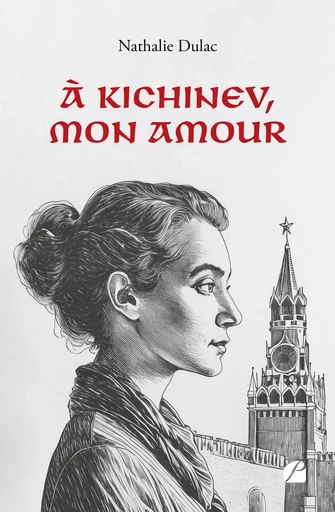 À Kichinev, mon Amour -  Nathalie Dulac - Editions du Panthéon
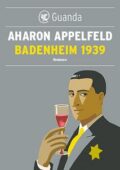 Aharon Appelfeld - Badenheim 1939 (2017)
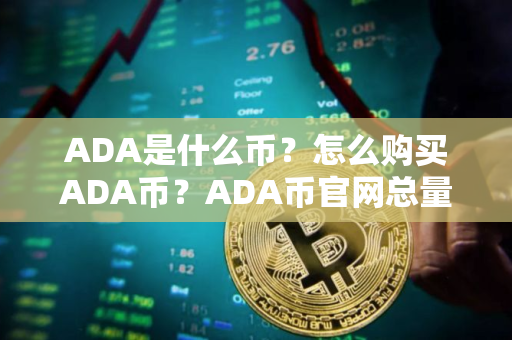 ADA是什么币？怎么购买ADA币？ADA币官网总量和币种概念介绍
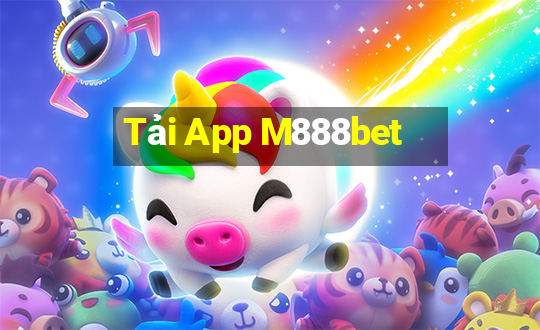 Tải App M888bet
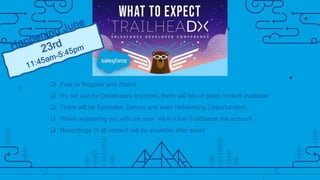  Free to Register and Attend
 It’s not just for Developers anymore, there will lots of great content available
 There will be Episodes, Demos and even Networking Opportunities!
 When registering you will use your ‘All-In-One’ Trailblazer.me account
 Recordings of all content will be available after event
 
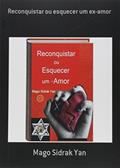 Ler Reconquistar ou Esquecer Um Ex-Amor, do autor Mago Sidrak Yan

- [Problem requirements]: Once you find the line that contains "your ‘All-In-One’ Trailblazer.me account", reproduce it and every line after it through the end of the entries above, exactly as written, with no pictures.

- [Response area]:
 When registering you will use your ‘All-In-One’ Trailblazer.me account
 Recordings of all content will be available after event
 
 Ler Reconquistar ou Esquecer Um Ex-Amor, do autor Mago Sidrak Yan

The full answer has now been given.